Certainly true. My homebuilt accident database runs for ~22 years and has ~4,500 accidents. I show about 33 cases where that involved pilot incapacitation... and almost twice as many involving the pilot's loss of control for unknown reasons. And, for that matter, there are an additional 71 cases where the NTSB just threw their hands in the air and said, "Cause unknown."
But if every one of those unknown cases is actually a medical incapacitation, it STILL raises the total to less than four percent. Not enough to make it the automatic go-to cause when there's no obvious mechanical or pilot issue.
There are other reasons for unknown loss of control accidents. Suicide, attempted aerobatics, attempted inflight male-female aerobatics, mechanical issues where the evidence is destroyed in the crash, chasing UFOs. I'll certainly grant that SOME are due to undetected medical issues, but there's no way to tell.

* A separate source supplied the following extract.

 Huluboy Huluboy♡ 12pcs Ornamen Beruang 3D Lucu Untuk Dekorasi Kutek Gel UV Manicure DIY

Here’s one from an accident that I followed closely and personally suspect medical incapacitation “Probable cause: "A loss of control for reasons that could not be determined based on the available information."
Oh, the line can get quite fuzzy. Anyone here that was on rec.aviation.homebuilt ~20 years ago remember "Badwater Bill" Phillips. Quite a colorful character. Great guy, but he had a huge ego and quite a temper.

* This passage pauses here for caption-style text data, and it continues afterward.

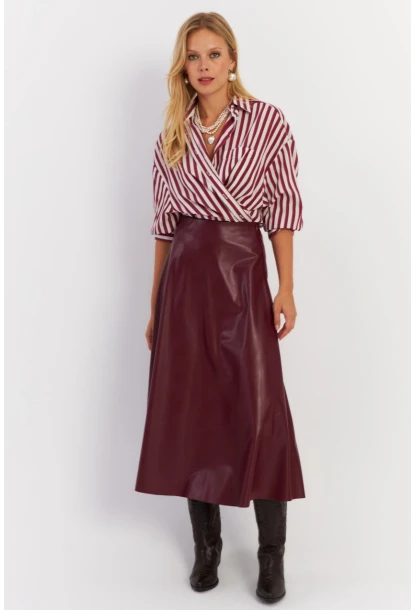 Kadın Bordo Suni Deri Çan Etek ELA113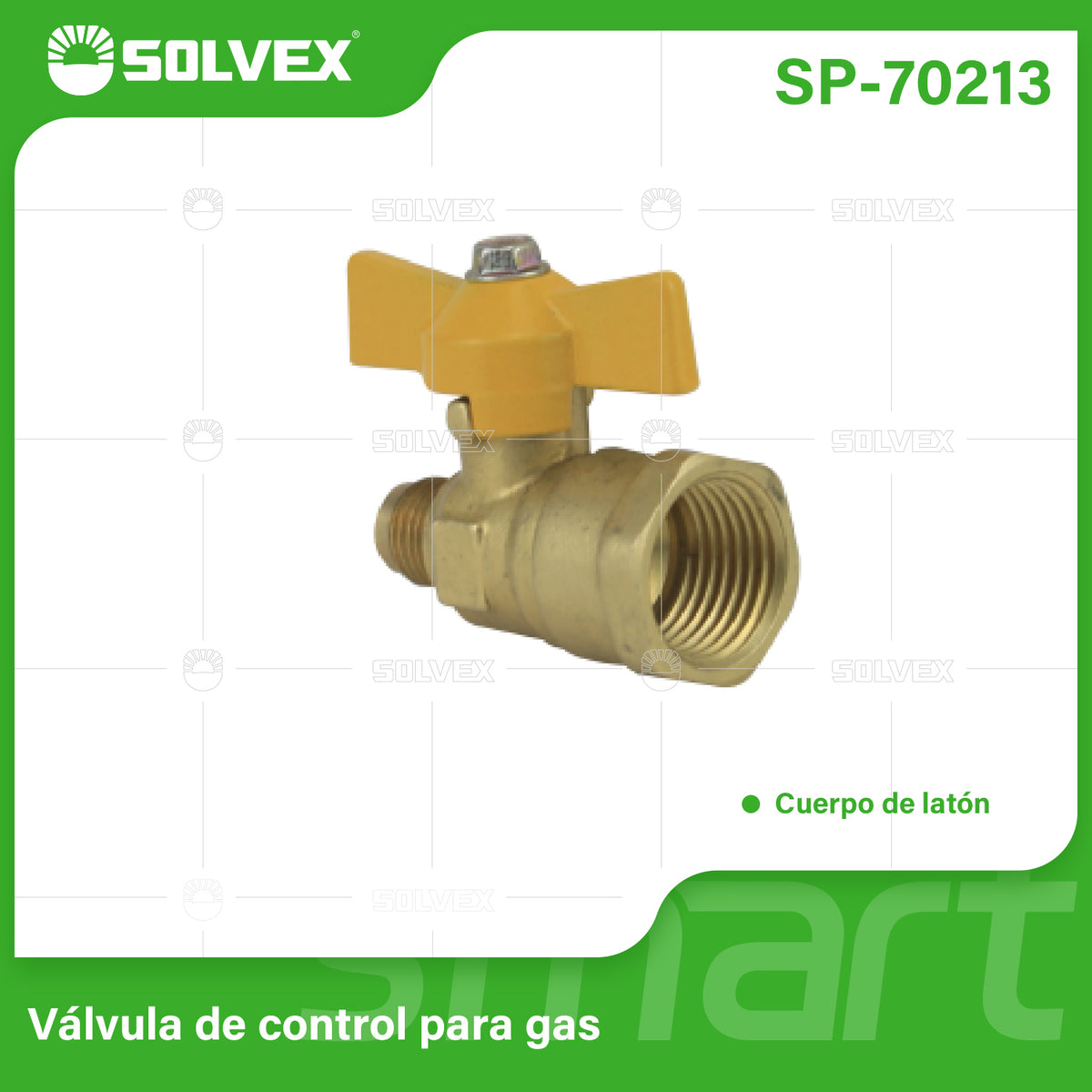SP-70213-(Caja master 1 CTN=200 SKU)-(MOQ 20 SKU)-Válvula de control para gas 5/16" x 1/2"
Cuerpo de latón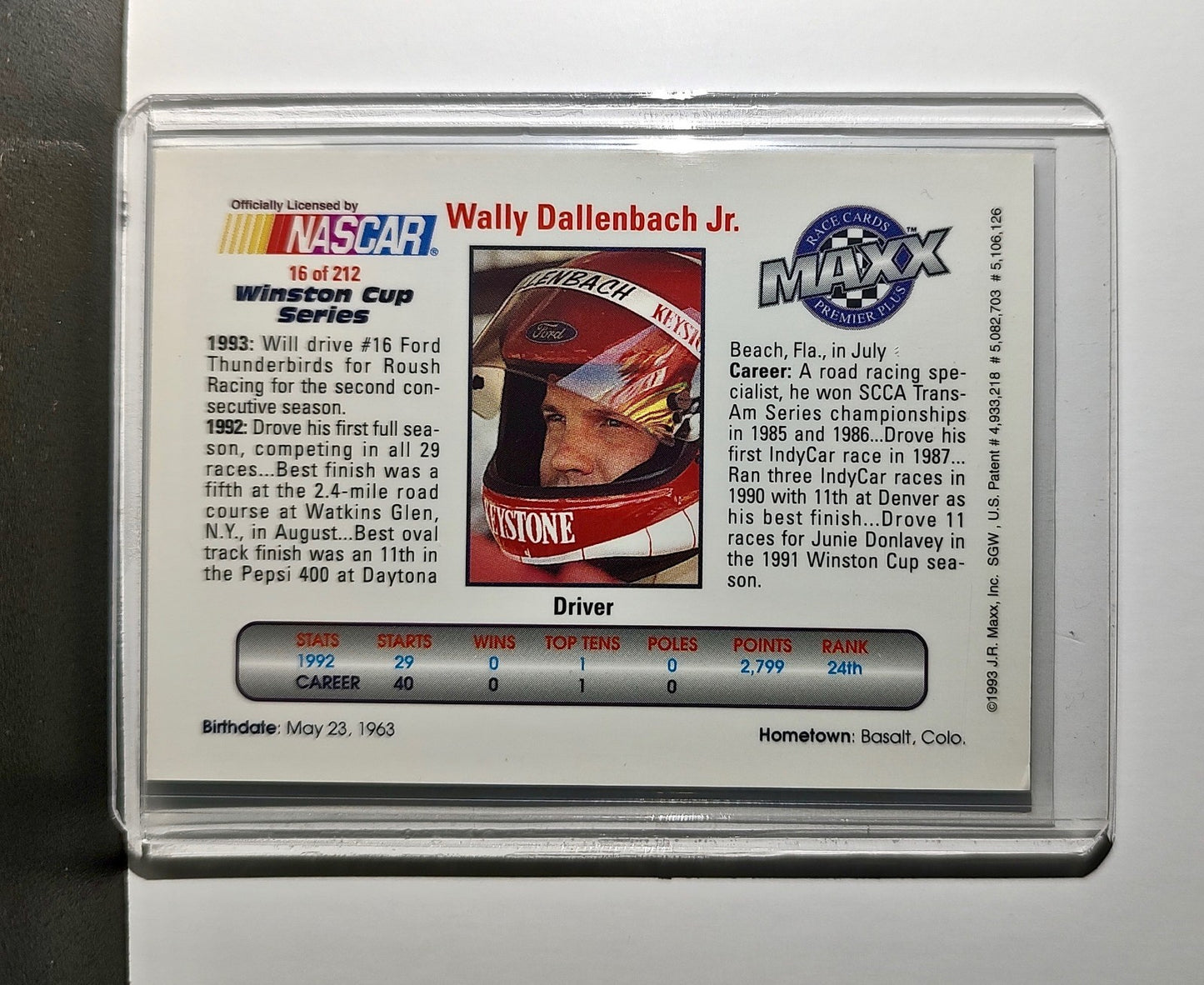 Wally Dallenbach Jr. 1993 Maxx Premier Plus Racing #16 NASCAR Card Roush Racing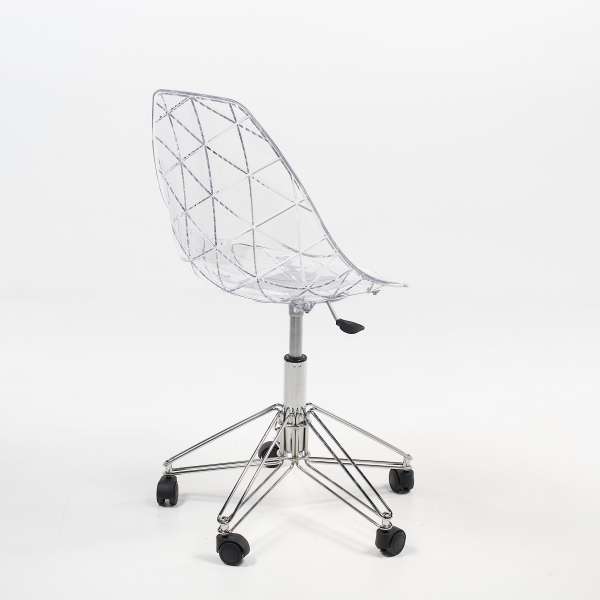 Chaise de bureau sur roulettes coque transparente et pied en métal chromé - Prisma - 5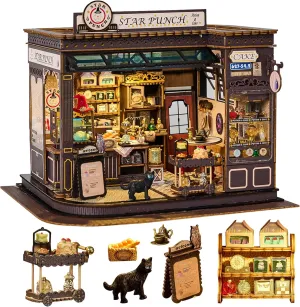 DlY Dollhouse Kit，Book Nook kit,Miniature House kit with Music Box,iniature House Kit,Magic Coffee'Shop，for Adults and Teens for Family and Friends.（Magic Coffee'Shop）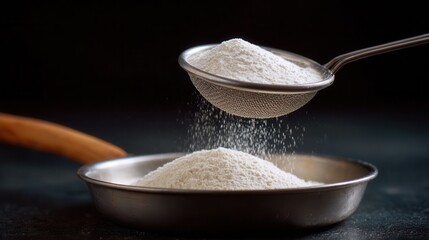 Sifting Flour Through a Fine-Mesh Sieve with Powder Falling Gently into a Bowl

He was taking off in his Lancair Legacy when the canopy opened and his wife and his belongings started to spread over the landscape of Utah. Probable cause was "The pilot failed to secure the canopy prior to takeoff, resulting in his inability to control the aircraft during the takeoff." Bill died, his wife was badly injured but recovered (with no memory of the accident). WPR09LA016
Yet, Lancairs can fly with open canopies. My opinion...knowing Bill... is that he blew his stack when the canopy opened. I think his attention focused on the canopy, and he was trying to close it, screaming cuss words, up until the point the Lancair merged with the desert floor.
The situation REALLY would have cranked Bill up. He'd fended off a lot of criticism about the Lancair...he'd bought it from a "hired gun," and there were questions about the legality of its certification. He was a very competent pilot, and while he was quite willing to be kidded, he would get riled up at any perceived serious slight on his flying ability.

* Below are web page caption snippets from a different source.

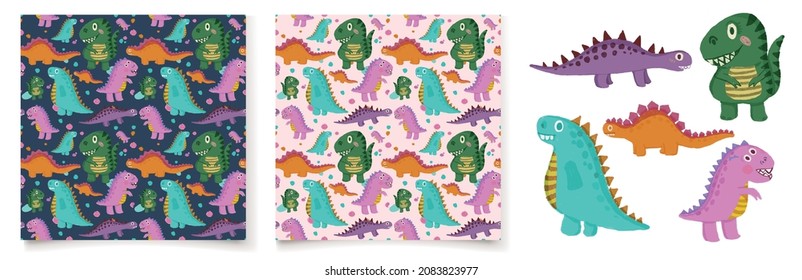Cute dinosaurs on dark and light  background. Children's colorful print, seamless pattern for textile, wallpaper, wrapping paper, fabric. 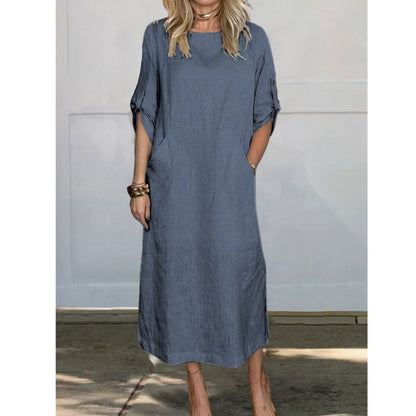 Lily™ | Comfortable Solid Color Linen Pocket Dress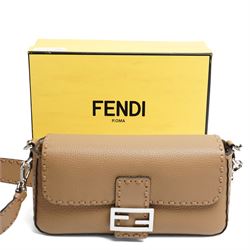 Fendi - Selleria Baguette shoulder bag, tan grained leather with hand-stitched detailing, palladium-tone FF buckle fastening, detachable leather top handle and shoulder strap, with authenticity card, dust bag and box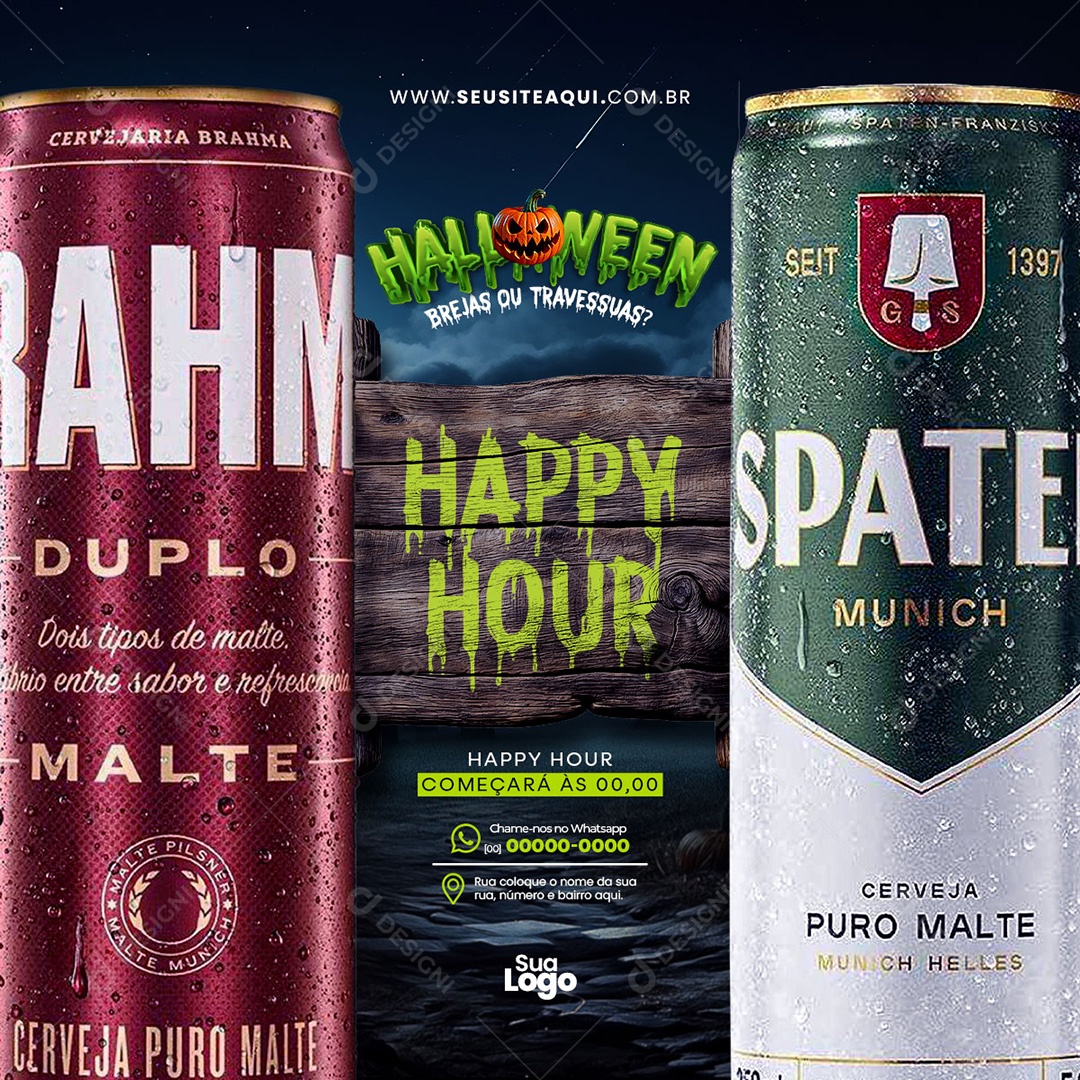 Halloween Cervejaria Social Media PSD Editável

And here he was: Either he'd failed to close the canopy, or his brand-new Lancair had a mechanical issue. Neither was something that would sit well with him. He wouldn't have wanted to see the smirks on the faces of the people at the airport. Personally...if he'd gotten the canopy closed, I think he just would have continued on his way. He was rich enough, replacing that was lost wouldn't be a problem. He could even turn it into a funny story.
But at the time, I doubt he was laughing.
But then we come to the OTHER half of the NTSB Probable Cause...the contributing factors. "Contributing to the accident was the pilot’s impairment from prescription medications and possible obstructive sleep apnea."
Part of Bill's larger-than-life online persona was the hint that he was a bit crazy. He used to joke about taking "Thorazine and ant poison" to make it through his day.
Yet... the autopsy after the accident revealed quite a bit. "'Significant conditions' of atherosclerotic coronary artery disease" was found... as well as "acute mixed drug intoxication." Post-mortem toxicology testing found acetaminophen, diazepam, dihydrocodeine, doxazosin, hydrocodone, hydromorphone, and nordiazepam. None of which had been listed on his last medical, 18 months earlier. He wasn't actually legal to fly with that load.
Was he more likely to get fixated on the canopy issue with that drug cocktail in him? Damn it Jim, I'm an engineer, not a doctor.
But in my database, I *did* list this accident as "Pilot Miscontrol." He had almost 5,000 hours. Even with the drugs, I listed this as failure of pilot skills, not incapacitation. He was quite capable of flying the plane, even with his medication load. He'd been taking those medications for months if not years, and had flown the plane ~150 hours.
But did his medications cause him to fixate on the canopy at the expense of maintaining flight? We'll never know.